I keep thinking about this word: bifurcates. It means to split, like the heart splits into different valves or the bronchi split into separate lungs.
Does that remind you of trees?
There was this huge, old magnolia that split like that in Dad’s front yard. The two sides split and reached in opposite directions. Magnolia petals fell everywhere. My little brother and I would grab up as many as we could and stuff them all under the back porch.
What else did you bury under the porch
When we were little, we liked to stir mud soup into deep plastic bowls. After a rain, we’d sit in the backyard lifting mud into our bowls. Once while we were stirring, a baby bird fell out of a tree and plopped into the dried leaves right beside us. It was bald and barely alive, jerking its little bone wings. I scooped it into a magnolia petal. The mom bird never came looking, so we built a shrine out of leaves and browned petals under the porch.
The bird stayed alive all day and night, just blinking around its petal bed. In the morning, we ran out to check first thing, and its body was so still, but my brother blew on it and it jerked again. We sat beside it in the sand and shells under the porch, taking turns blowing every couple minutes to see if it was still alive. When it died we buried it under the porch. After, knee-walking around the grave, we played house with the petals and leaves. Here’s a stack of plates, here’s a cup, here’s a broom
Have you prayed for your father to be strong?
He said when he died he wanted to become a plum tree. He said he was a pirate before I was born. He said when he first held me, he laughed because he never thought he’d make it past thirty but there he was at thirty-seven with a brand new life in his hands. Then his daddy died right after I was born. I bet his pirate part died right when his daddy died. But he reached down and grabbed me up and looked at me and thought, Well, all right now, because most parents give their pirate parts to their kids. It’s different for me, though. I’m too young to have a baby, so I’m not sure where to look or how to reach down.
Where will you go after he dies?
Dad still owns the house with the porch and the magnolia tree, but there’s this flimsy fence under the porch now. He built it to keep out the strays. The other day I pulled it apart and crawled under there. I could barely fit, and there was nothing left. No petals or bowls or leaves. Just dirt and shells, bare like it was before we buried the bird.
When was the last time you went to church?
When I was little, our church gave out hot doughnuts. I’d squash them until they were flat, and the glaze on my fingers made my skin the same color as the doughnut. I wondered why we ate those gross crackers instead of doughnuts when we tasted Christ.
The crackers are a metaphor.
Some doctor said Dad’s brain is busted. Just meat. When everyone’s done sobbing and saying goodbye, they’ll turn off the electric lungs, and he’ll disappear into stardust or whatever. Do you think his soul will twinkle up to heaven like Peter Pan? He didn’t believe in all that. He said, This is all you have. The body of your life and the anatomy of your body.

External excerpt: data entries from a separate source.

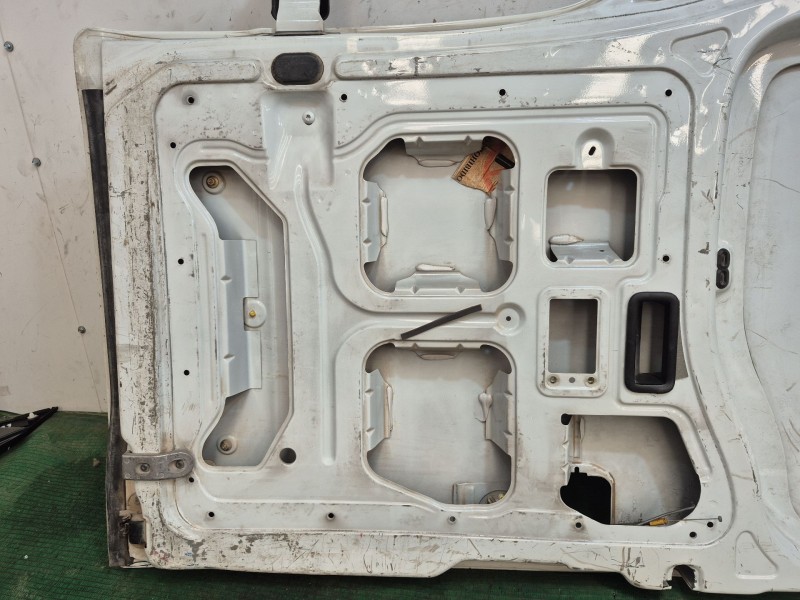 Recambio de puerta carga derecha para renault master ii phase 2 caja cerrada 2.5 diesel referencia OEM IAM   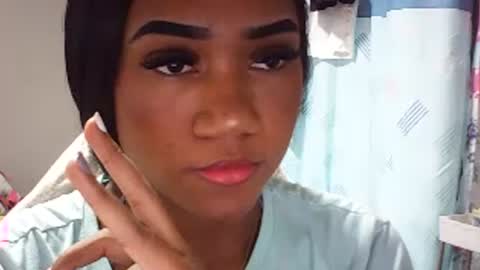 Snapshot of farianna_hot chatting on May 17, 2026, 8:38 pm farianna_hot online show from May 17, 2026, 8:38 pm
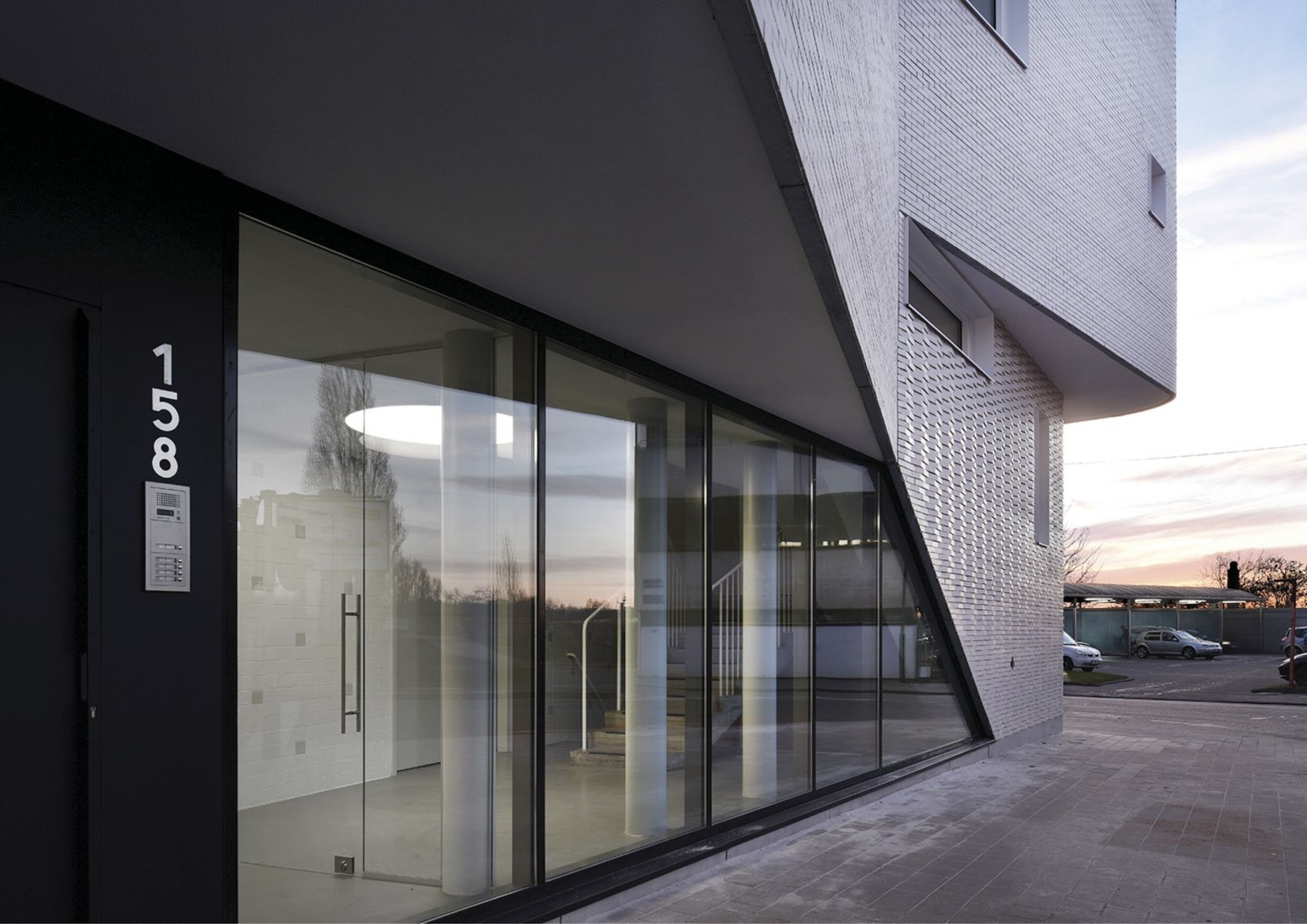 Access detail. NAVEZ - 5 social units by MSA/V+. Photography © Serge Brison / MSA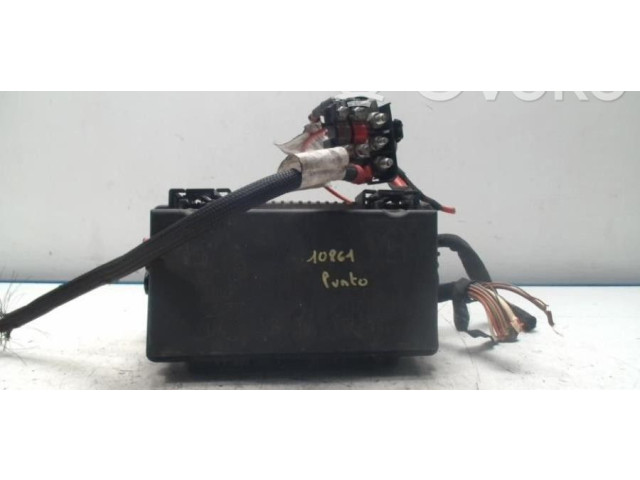   Pojistková skříňka    Fiat Punto (199) 2008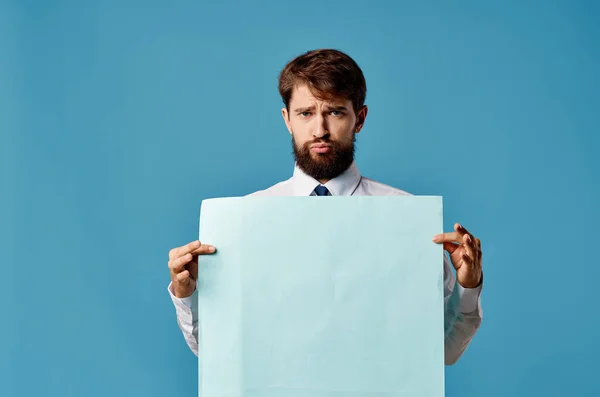 Man in shirt met stropdas banners in de handen van een officiële reclame marketing — Stockfoto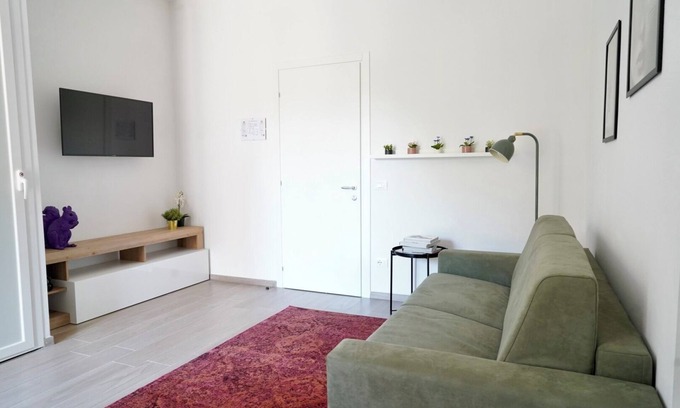 Crocetta-San Lazzaro-Modena Est Apartment | Molinari House Smeraldo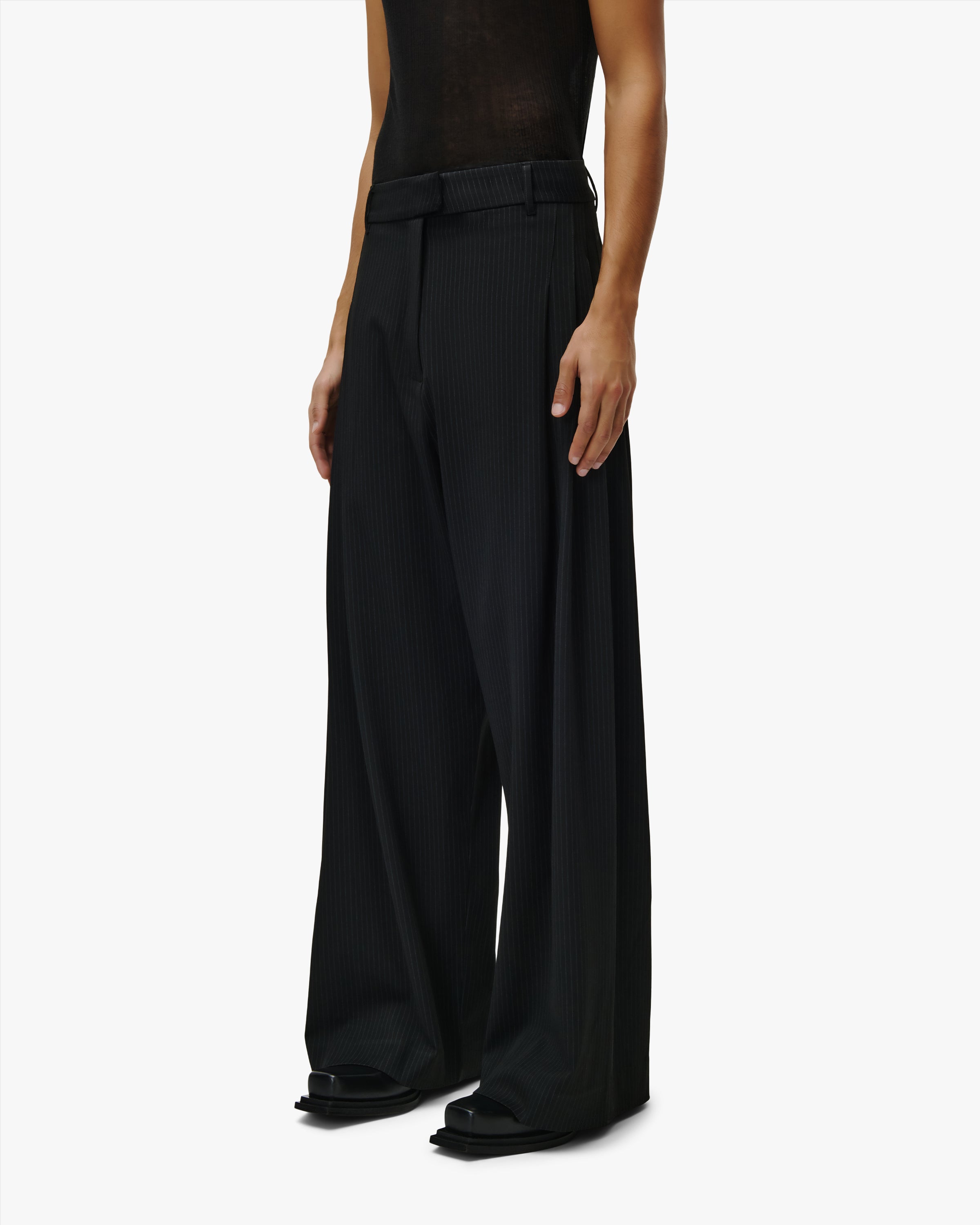 'IYAS' PLEATED SUIT PANTS – PINSTRIPE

He’ll be there, even if he doesn’t believe.
My little brother folded Dad in a magnolia petal and we built a shrine around him, knee-walking while we built. The sand and shells pressed crescents into our skin under the back porch while we took turns pushing air through the trunks of our lungs, watching Dad twitch until he was good and dead. We’ll bury him there, under the porch. Dad and the petals decomposing, and out pops a tiny plum tree with a skinny trunk, straight and strong enough to knock over the porch and the house. The house falls over, and the tree splits in the middle so my brother and I can climb it and straddle it and peel the bark and pick the leaves and pile them into plates and cups and brooms. We’ll eat the plums and lick the dirt off our fingers, right there in the crack of the trunk.